Constraint Optimization

Hi!
I have two models 1) Athelete model 2) Referee model
Athelete has 17 inputs and 3 regression outputs. While referee has 20 inputs and 1 binary output. First 17 inputs of referee are similar to the inputs of athelete model while next 3 inputs are different combinations and 1 combination is similar to the 3 outputs of athelete model.
At first, both models are trained separately and then fine-tuning of athelete model is done by using referee model for constraint optimization.
The accuracy of both models is quite good but I am having issues with the fine-tuning of athelete model. After fine-tuning, it becomes totally inaccurate. MAPE is around 80% while before fine-tuning, MAPE is around 10%.
Here is the fine-tuning code:

X_master is the athelete model input and y_master is athelete model output.

similarly, slave means referee model.

class CustomLossLayer1(nn.Module):
def init(self, referee_model, scaler_mean, scaler_scale, weight_stability_loss=0.5):
super(CustomLossLayer1, self).init()
self.referee_model = referee_model
self.scaler_mean = torch.tensor(scaler_mean[17:], dtype=torch.float32)
self.scaler_scale = torch.tensor(scaler_scale[17:], dtype=torch.float32)
self.weight_stability_loss = weight_stability_loss

def forward(self, additional_inputs, y_true, y_pred):
    # Clamp and scale y_pred, as y_pred is in 0 to 0.8 range
    clamped_y_pred = torch.clamp(y_pred, 0.0, 0.8)
    scaled_y_pred = (clamped_y_pred - self.scaler_mean) / self.scaler_scale
    
    # Combine inputs for the referee model
    combined_inputs = torch.cat([additional_inputs, scaled_y_pred], dim=1)
    
    # Get stability prediction from referee model
    stability_prediction = self.referee_model(combined_inputs)
    
    # Calculate the mean squared error loss
    mse_loss = F.mse_loss(y_pred, y_true)
    
    # Calculate dynamic stability target
    stability_target = calculate_stability_target(y_true, y_pred)
    
    # Calculate the stability loss based on the dynamic target
    stability_loss = F.binary_cross_entropy(stability_prediction, stability_target.unsqueeze(1))
    
    # Adjust stability loss: if stability_target is 1, set stability_loss to 0
    adjusted_stability_loss = stability_loss * (1 - stability_target.unsqueeze(1))
    
    # Combine the MSE and adjusted stability loss
    total_loss = mse_loss + self.weight_stability_loss * adjusted_stability_loss.mean()
    
    return total_loss

EPOCHS = 200
LEARNING_RATE = 0.01

Initialize KFold

kf = KFold(n_splits=5, shuffle=True, random_state=42)

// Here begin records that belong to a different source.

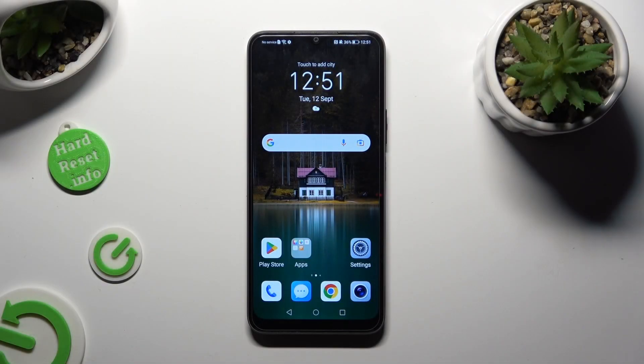Hi, in front of me is an Honor 70 Light and today I would like to show you how you can open apps in split screen view.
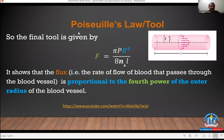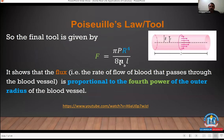Poiseuille's law gives the final formula for the rate of flow, or flux: F = πPR⁴ / (8ηl), where P is the pressure difference, R is the outer radius, η is viscosity, and l is the length of the artery. This important formula shows that flux is proportional to the fourth power of the radius.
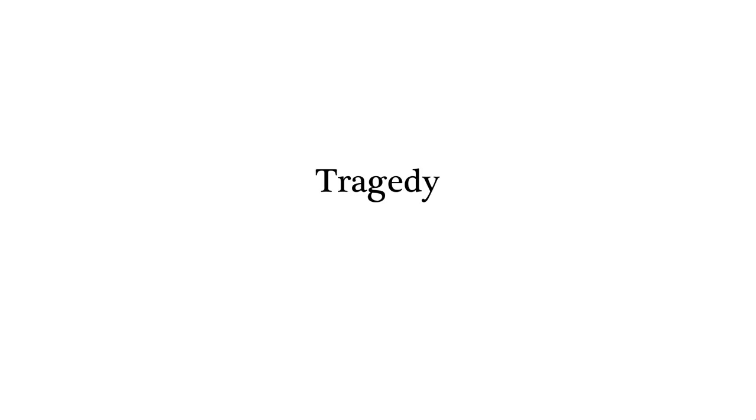Hardin calls this a tragedy, not only because it's a bad outcome, but because he argues it's inevitable. Even though I know that sending too many cows will use up the land, I also know that if I don't do it, somebody else probably will, so I might as well get the grass while the going is good. Everybody knows this, and reasoning the same, we all collectively destroy the pasture.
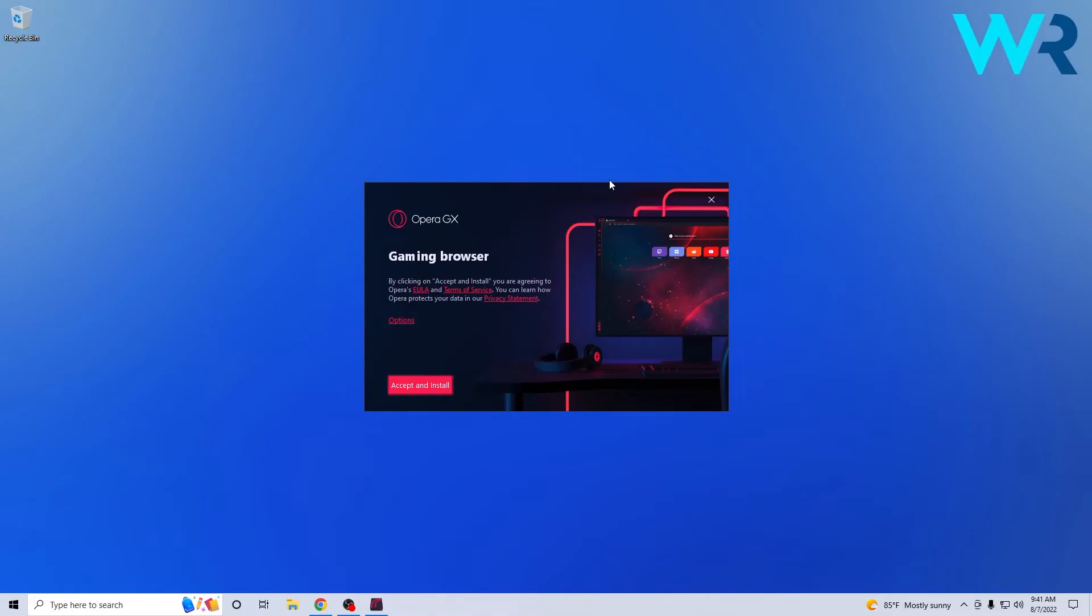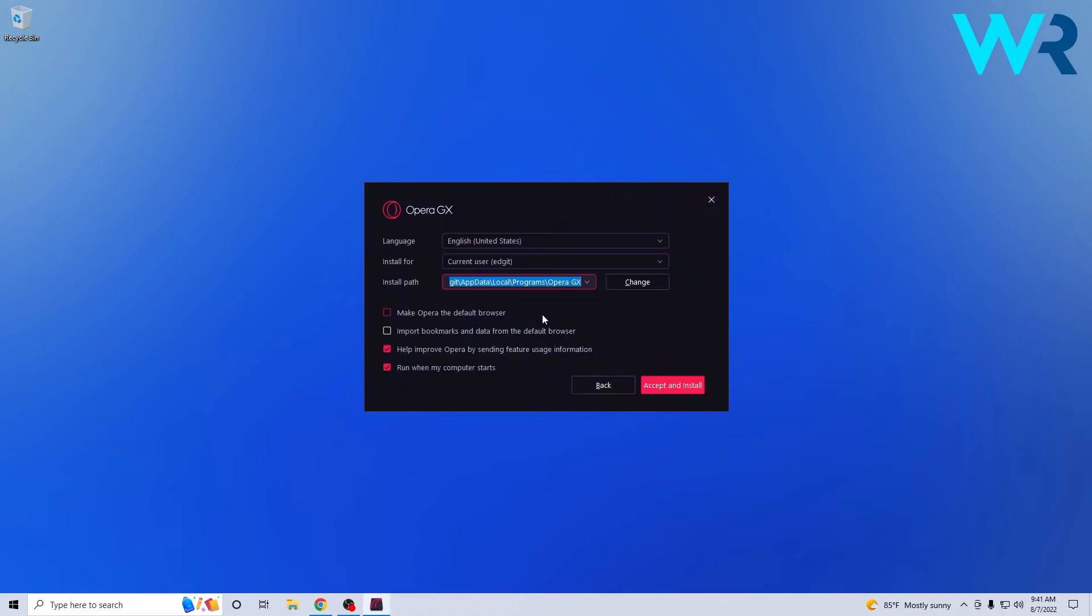Now once the setup file opened make sure to click on the options button in the Opera GX setup and then in here decide on your settings if you want a different install path or if you want to make Opera the default browser and many other settings presented here.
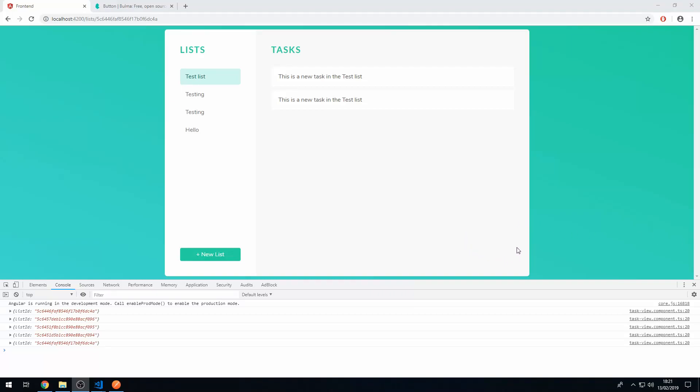So we want to create an add button here that we can press to then take us to a new page which allows us to create a new task.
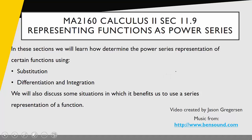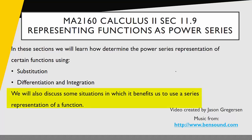Hello everyone, my name is Jason Gregerson. Welcome to the next video in your Calculus 2 video series. Today we're going to be talking about section 11.9, representing functions as power series. The big idea is that we know about the power representation of certain functions, and now, using either substitution or differentiation and integration, we want to find new power series representations for new functions, and discuss some applications. In this specific video, we're going to focus on substitution.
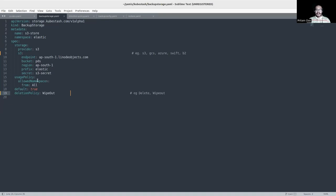The default field set to true means this is the default backup storage for the elastic namespace. For example, if you create a BackupConfiguration in the elastic namespace without referring to any backup storage, this one will be used as default. Finally, I have mentioned the deletion policy as 'wipeout', which means if we delete this BackupStorage, all snapshots stored in the backend will be deleted as well. Alternatively, setting it to 'delete' removes the BackupStorage from the cluster but keeps the snapshots in the backend.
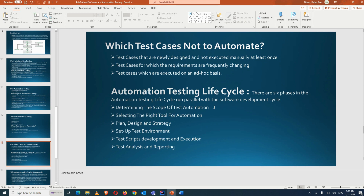The first phase is to determine the scope of test automation. This is where we decide what percentage of automation we can achieve, what kind of test cases we can automate, what is not possible to automate, and how much scope our test cases should cover.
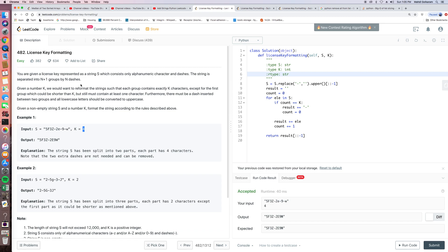So let's look at the question. Given a non-empty string S and a number k, we want to format the string so that each group contains exactly k characters, except for the first group which could be shorter than k but must still contain at least one character. There must be a dash inserted between two groups and all lowercase letters converted to uppercase. For example, given this string S with k equal to four, we reformat the alphanumeric characters into groups of four and insert a dash between each group.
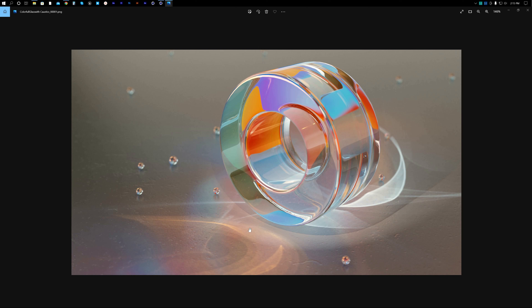Welcome to another video. This time we will make a colorful glass material with caustics on the floor in Cinema 4D and Redshift. Hope you will enjoy this tutorial — let's jump into Cinema.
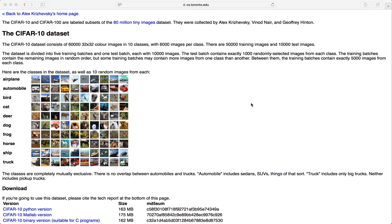Hi everybody, welcome to a new PyTorch tutorial. Today we are implementing a convolutional neural network and doing image classification based on the CIFAR-10 dataset. CIFAR-10 is a very popular image dataset with 10 different classes, like airplanes, cars, birds, cats, and other classes. This dataset is available directly in PyTorch, so we will create a convolutional neural net that can classify these images.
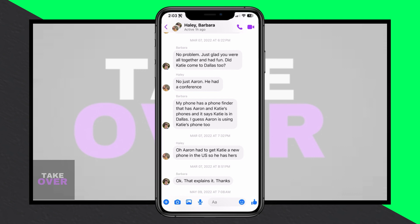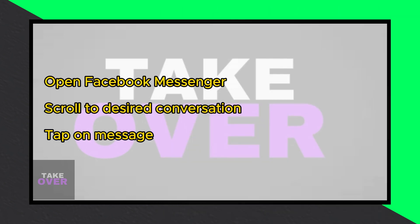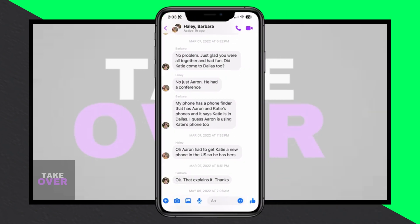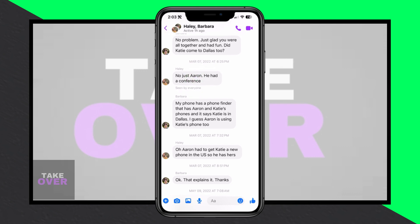As you scroll through the conversation, you'll notice occasional timestamps indicating when messages were sent. However, these timestamps aren't displayed for every message. To view the timestamp for a specific message, simply give it a quick tap. Avoid tapping and holding, as this will trigger a different action.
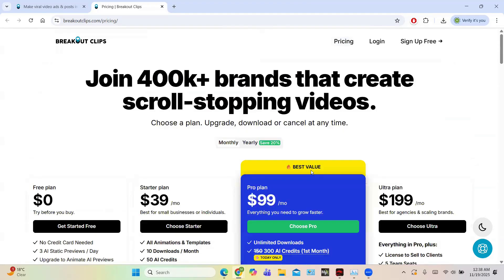So this is the pricing plan. I think they have done quite well. I will just like to thank the developers of this Breakout Clips. So thank you very much for watching this video.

Lists to store performance metrics for each fold

mape_scores =
regression_losses =
training_losses =
validation_losses =

Cross-validation loop

for fold, (train_index, test_index) in enumerate(kf.split(X_master)):
print(f"Fold {fold+1}")

# Split the data into training and test sets for this fold
X_train, X_test = X_master_tensor[train_index], X_master_tensor[test_index]
y_train, y_test = y_master_tensor[train_index], y_master_tensor[test_index]

# Create DataLoaders for the athlete model
train_dataset = TensorDataset(X_train, y_train)
train_dataloader = DataLoader(train_dataset, batch_size=128, shuffle=True)

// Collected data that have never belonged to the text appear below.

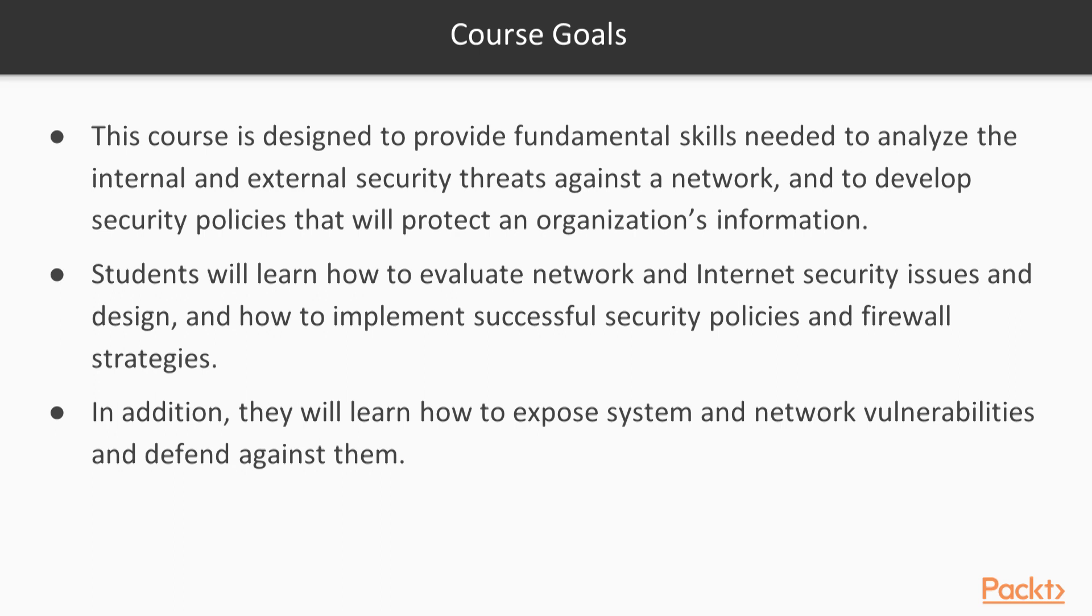Students will also learn how to develop security policies that will protect organizations' information, evaluate network and internet security issues, and design and implement security policies and firewall strategies. In addition, you will learn how to expose system and network vulnerabilities or weaknesses and how to defend against them.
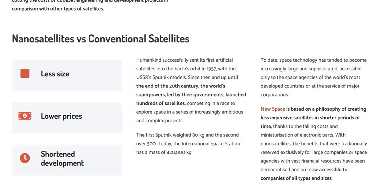Today, the International Space Station has a mass of 420,000 kg. Space technology has tended to become increasingly large, sophisticated, and accessible only to the space agencies of the world's most developed countries or at the service of major corporations. New space is based on a philosophy of creating less expensive satellites in a shorter period of time, thanks to the falling cost and miniaturization of electronic parts. With nano-satellites, benefits traditionally reserved exclusively for large companies or space agencies with vast financial resources have been democratized and are now accessible to companies of all types and sizes.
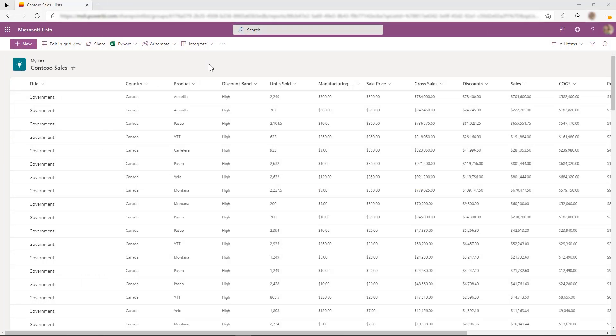Back in December, we added an experience to the Power BI service that helped you quickly create reports with just a few clicks. And now we're excited to announce the same experience is launching within SharePoint and Microsoft Lists as well. This experience empowers users to easily explore their data without needing to start from scratch.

test_dataset = TensorDataset(X_test, y_test)
test_dataloader = DataLoader(test_dataset, batch_size=128, shuffle=False)

# Initialize the athlete model and custom loss function
athlete_model = AthleteModel()
custom_loss = CustomLossLayer1(referee_model, scaler_slave_mean, scaler_slave_scale)

# Define the optimizer
athlete_optimizer = optim.Adam(athlete_model.parameters(), lr=LEARNING_RATE)

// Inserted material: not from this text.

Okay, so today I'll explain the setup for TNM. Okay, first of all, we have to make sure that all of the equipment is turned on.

# Train the athlete model with fine-tuning
fold_training_losses = []
fold_validation_losses = []
for epoch in range(EPOCHS):
    athlete_model.train()
    batch_losses = []
    for inputs, targets in train_dataloader:
        athlete_optimizer.zero_grad()
        athlete_output = athlete_model(inputs)
        loss = custom_loss(inputs, targets, athlete_output)
        loss.backward()
        athlete_optimizer.step()
        batch_losses.append(loss.item())
    fold_training_losses.append(np.mean(batch_losses))

In the CustomLossLayer, I am first combining the outputs of athelete model with the inputs of athelete model and then giving it as input the referee model which gives its binary output (1 being stable and 0 being unstable). Then the stability loss is calculated which is multiplied by a penalty factor and added to MSE loss to calculate final loss.

Kindly check the above code, specially the CustomLossLayer function and help me debugging it. Or if you have any other way to do so, then please do let me know.
I would be very thankful to you guys.